1. Field of the Invention
The present invention is directed to data networks. More particularly, the present invention is directed to an interface and method for transferring data over a data network, such as an access network.
2. Background
The term “access network,” as used herein, refers to a data network that connects a service provider to multiple end users, such as individuals, businesses and other organizations, for the delivery of voice, video and data services. Within an access network, the transfer of data from a service provider to the end users may be generally described as “downstream” communication and, conversely, the transfer of data from the end users to the service provider may be generally described as “upstream” communication. In conventional access networks, the service provider typically also provides end users with a portal to one or more other data networks, such as a wide area network or metropolitan area network.

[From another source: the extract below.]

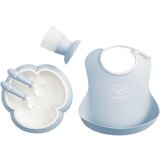 BABYBJORN komplet jedilni set slinček, krožnik, lonček, žlica in vilice Powder Blue Cene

Various technologies have been used to deliver data over access networks. For example, the two technologies most commonly used today rely on physical links that have existed for many decades. The oldest medium is twisted pair, which includes the standard copper wire that connects most homes to a local telephone company. Sophisticated technology has been used to deliver data over long twisted pair loops at speeds of 1 Mbps (megabit per second) and over shorter lengths at rates up to tens of Mbps. The other commonly-used medium is coaxial cable, upon which data is transferred using specially-designed cable modems. This technique permits data rates up to approximately 100 Mbps. However, because of the broadcast nature of cable modem networks, this capacity must be shared between a number of active users. For example, as many as 50 or more users may be required to share this bandwidth in a cable modem system.
Extending these two traditional methods to permit higher data rates would require considerable effort. Thus, if higher data rates are desired, other technologies must be explored. A technique that is now being widely considered is to implement an access network using Ethernet technology. Because Ethernet technology has been extensively developed for use in enterprise networks such as Local Area Networks (LANs), Ethernet systems and chipsets now comprise the most inexpensive link layer technology available. Moreover, it has been observed that Ethernet technology may be advantageously used in access networks that include fiberoptic cable to provide higher transmission rates over longer distances.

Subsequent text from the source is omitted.